Wednesday, 17 September 2014


People with Diabetes can have sweets?

How to overcome craving?

What is the safest alternative to table sugar?

Well these are some interesting questions based on which countless amounts have been spent for research. The outcome – Many different types of alternatives were introduced. Some came with side effects and some came with a bitter after taste. As of now the most commonly used alternative is SUCRALOSE. Sucralose is 300 to 1000 times sweeter than our normal table sugar (sucrose). This sucralose was developed when scientists were actually trying to develop a sugar based insecticide. At that point the sweetness of sucralose was identified by chance. The scientist misheard the term “test” as “taste” and tasted it. He found the compound exceptionally sweet. Scientists Tate & Lyle patented it in 1976. Slowly the use of sucralose spread over countries and continents. Now sucralose is used in more than 80 countries all over the world. How our simple table sugar becomes sucralose? It goes through processing (Simple word to explain selective chlorination of sucrose, which substitutes three of the hydroxyl groups with chlorine. This chlorination is achieved by selective protection of the primary alcohol groups followed by acetylation and then deprotection of the primary alcohol groups.The partially acetylated sugar is then chlorinated with a chlorinating agent such as phosphorus oxychloride, followed by removal of the acetyl groups to give sucralose)

Sucralose safe?

Well.... anything in excess is definitely harmful. Even water in excess can kill you.
Sucralose is safe. Maximum dose is 9mg per Kg body weight per day.

Moral of the story –

You can have a sweet life with diabetes


Measure before you eat!

Sweet life!

Dr.Riyaz Sheriff

Monday, 1 September 2014


Maggots! Maggots Maggots!!!  Ewww  ahhh ish.... 

But can you imagine that before advent of Life saving antibiotics these maggots had saved many lives and limbs!

Yes ! Exactly!

Maggots were used for treatment of sloughing wounds and deep seated infections.

Maggot therapy in olden days was a result of observation by army surgeons that the maggot infested wounds heal faster compared to non infested wounds.
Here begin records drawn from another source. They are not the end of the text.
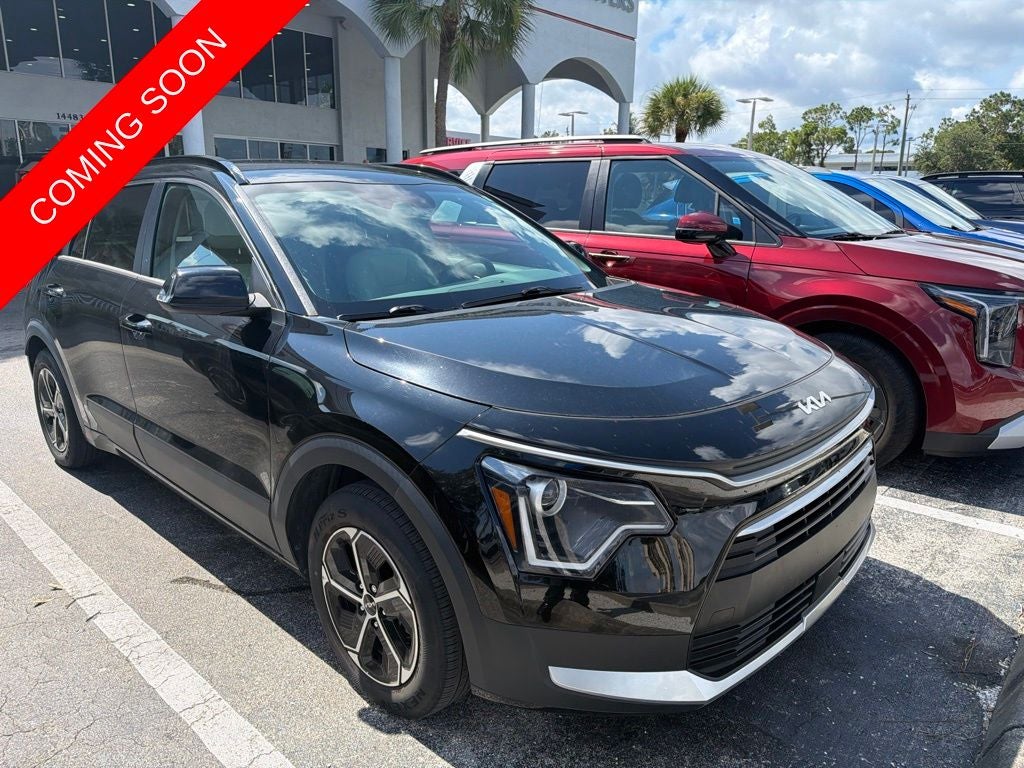 2023 Kia Niro EX
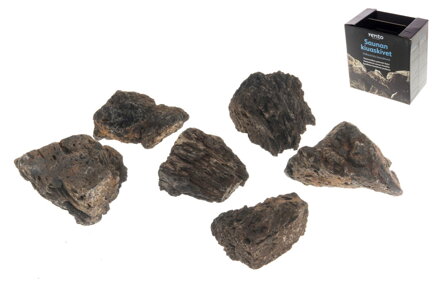 RENTO Saunové kameny 2,5 kg - sopečná láva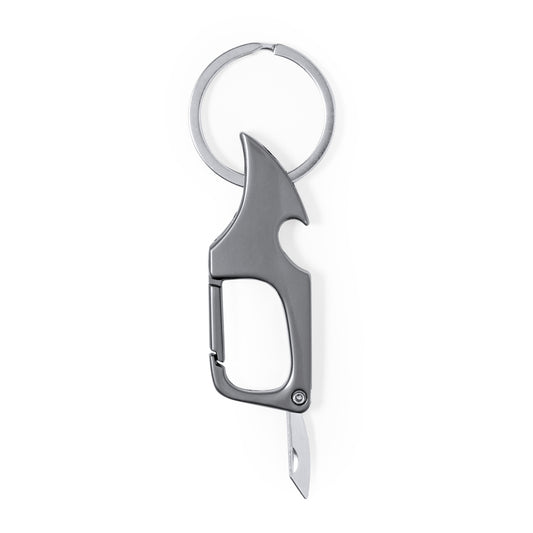 Porte-clés multifonction (lot de 100)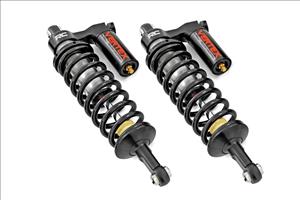 Vertex Front Coil Over Shock Pair Adjustable Can-Am Defender HD5/HD8/HD9/HD10 Rough Country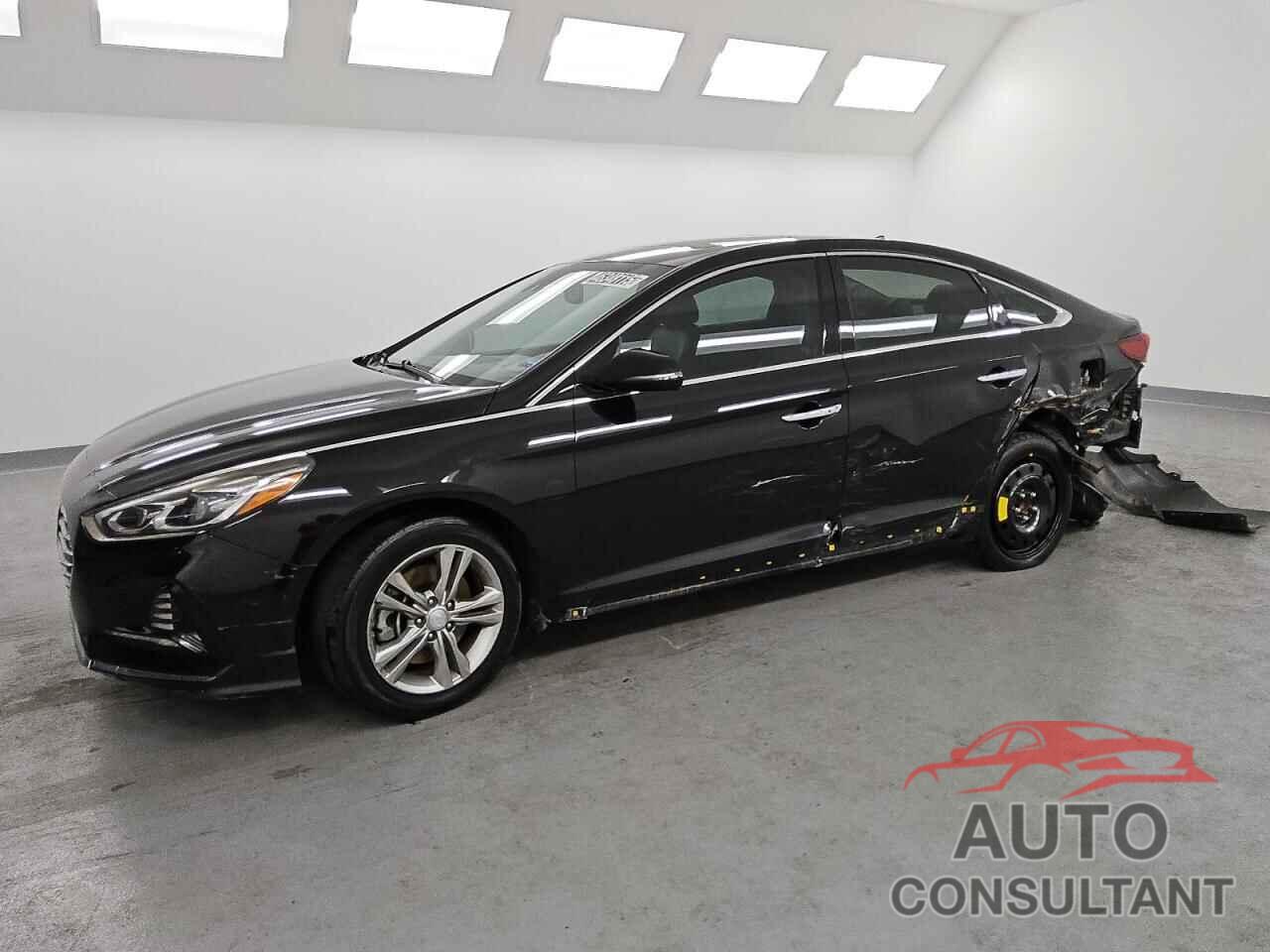 HYUNDAI SONATA 2018 - 5NPE34AF5JH610200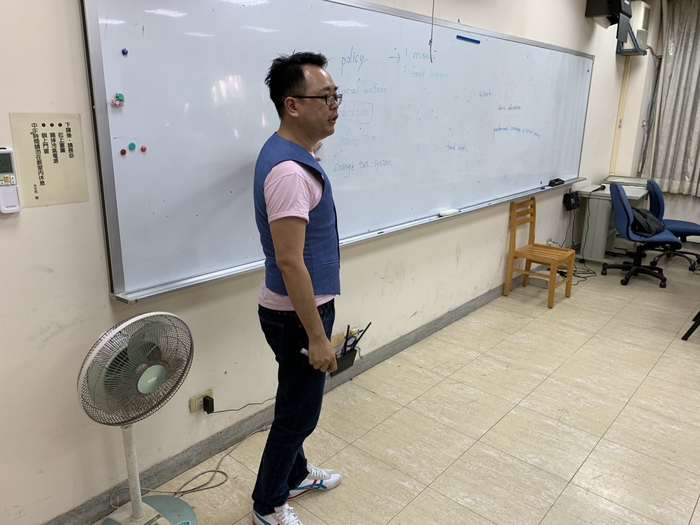【自學園講座】2019年5月15日(三)管你寫什麼/Mind Your Writing圖片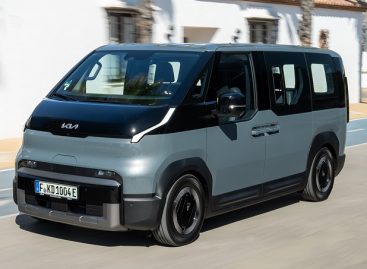 „Kia PV5 Passenger“ per realų bandymą nuvažiavo daugiau, nei žada WLTP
William Baer was the first one to use Maggots in treatment of wounds and also showed that maggots can help the wound to heal faster.

This method became so popular that many hospitals developed their own insectaries to stock their own insect free maggots for treatment.

Many doctors were happy with this bio-debridement. 

The problems faced that time were Difficulty in getting insect free maggots, Cost & Difficulty in constructing a dressing to house these maggots around the wound.

Slowly maggots disappeared from the scene with advent of “Life- Saving Antibiotics”

Now Maggots are ready to make a comeback!


Because the Bacteria are becoming more and more resistant to antibiotics. Even before the drug reaches the stage of mass production resistant strains emerge. It is not uncommon for any Doctor to see reports carry these Dangerous terms – MRSA, ESBL, MBL, MDR strains, Pan – Drug Resistant Strains.

Literally we are running out of antibiotics. The small single celled invisible creatures are winning!

Maggot therapy is essentially a controlled therapeutic maggot infestation on a live host). It is controlled by selecting a safe strain and made germ free by using disinfectants. These maggots are introduced in special dressings that prevent them from leaving the wound.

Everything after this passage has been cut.